For many years, seasoned investors have been extolling the virtues of investing in China. The reasons for this are varied and sound. They include risk diversification, low correlation with other key markets, the size and sophistication of the Chinese economy, the rise and rise of the middle class, and the major developments in technology and innovation.
However, 2021 has been an unusual year with China, due to a raft of triggers, now a significant concern for global investors. And it is likely to remain as such for at least the second half of next year too.
The country’s economic growth is uncertain, and it’s a major cause of worry for investors.

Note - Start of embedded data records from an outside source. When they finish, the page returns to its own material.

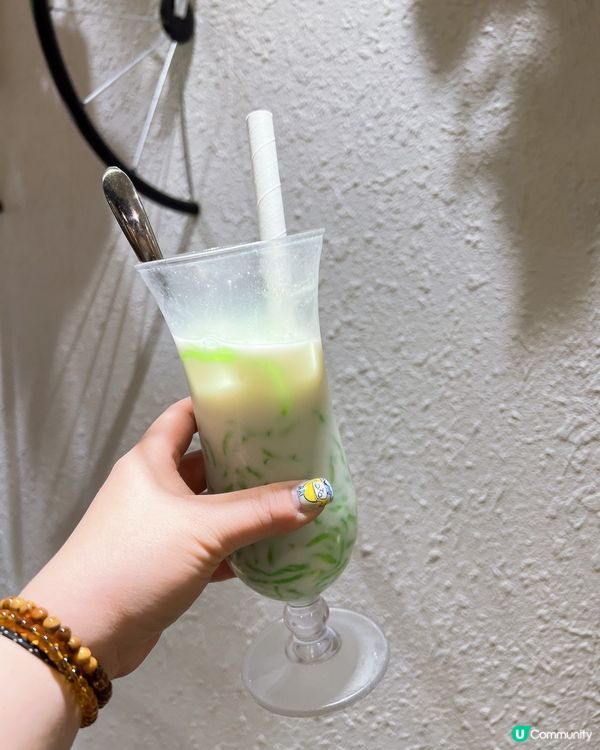 愛食越南菜尖沙咀必選😜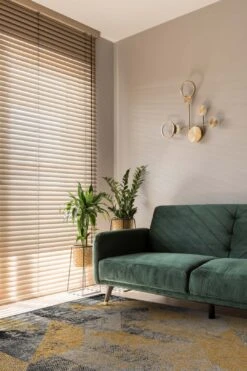 Sandra Schwefel Teppich(Sandra Schwefel Teppich) 23 Sandra Schwefel Teppich(Sandra Schwefel Teppich) -Wohn Teppich Welt 0426 SandraSchwefel Normal Room dde5954a ab26 4d04 a25c 217fd8341c28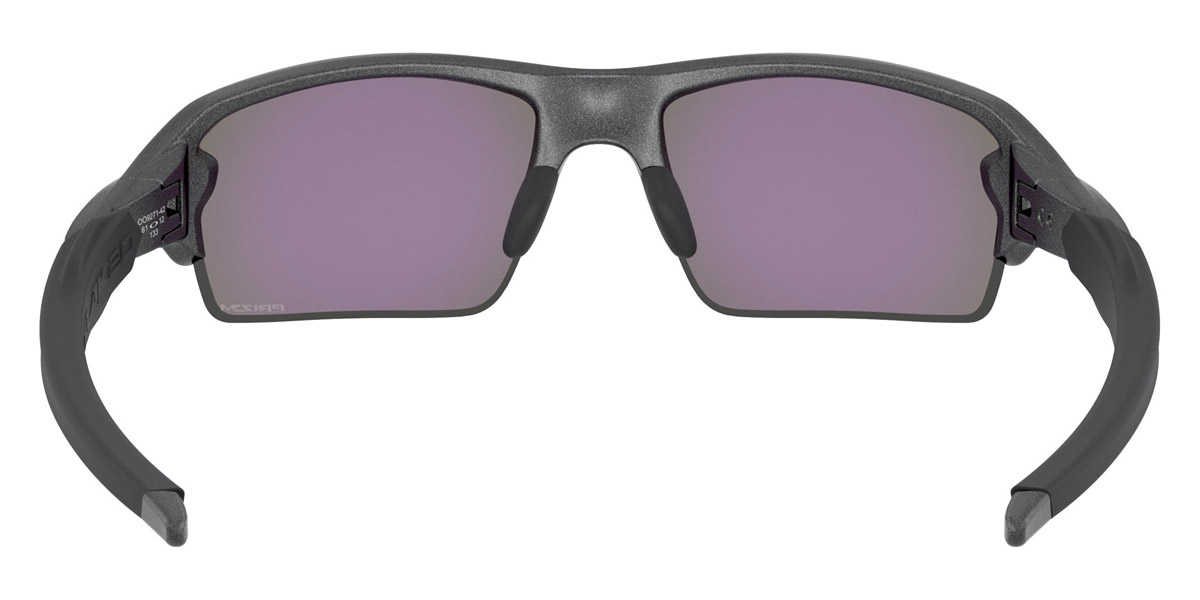 Oakley™ - Flak 2.0 (A) OO9271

The International Monetary Fund’s latest forecasts, published in October, predict that China’s GDP growth will slow from 8% in 2021 to 5.6% in 2022. And many analysts are now saying that we should expect less than 5% growth next year.
Much of the recent slowdown has been fueled by the wider impact of the collapse of huge property developers such as Evergrande.

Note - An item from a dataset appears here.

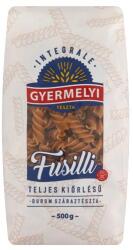  Teszta Gyermelyi Integrale Teljes Kiorlesu 500. Gr Orso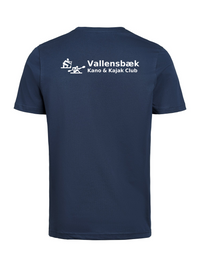 UM T-Shirt (OCS)  Regular Fit Unisex (VKKC)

The crisis at the world’s most indebted company worsened in the last few days after news it had missed a critical repayment deadline. The property giant, whose liabilities exceed US$300 billion, failed to meet interest payments to international investors last week.
There are now serious discussions taking place that this could initiate a worrying credit crunch that would be disastrous for the world’s second-largest economy.
Typically, when there are prevalent growth risks, Beijing has been quick to roll out monetary and fiscal stimulus. But the government is now keener to rebalance the economy away from a reliance on debt – even if it means some short-term pain.
That said, I do believe that we can expect to see some stimulus packages in the first few months of 2022, which could help soften the fallout from slowing growth.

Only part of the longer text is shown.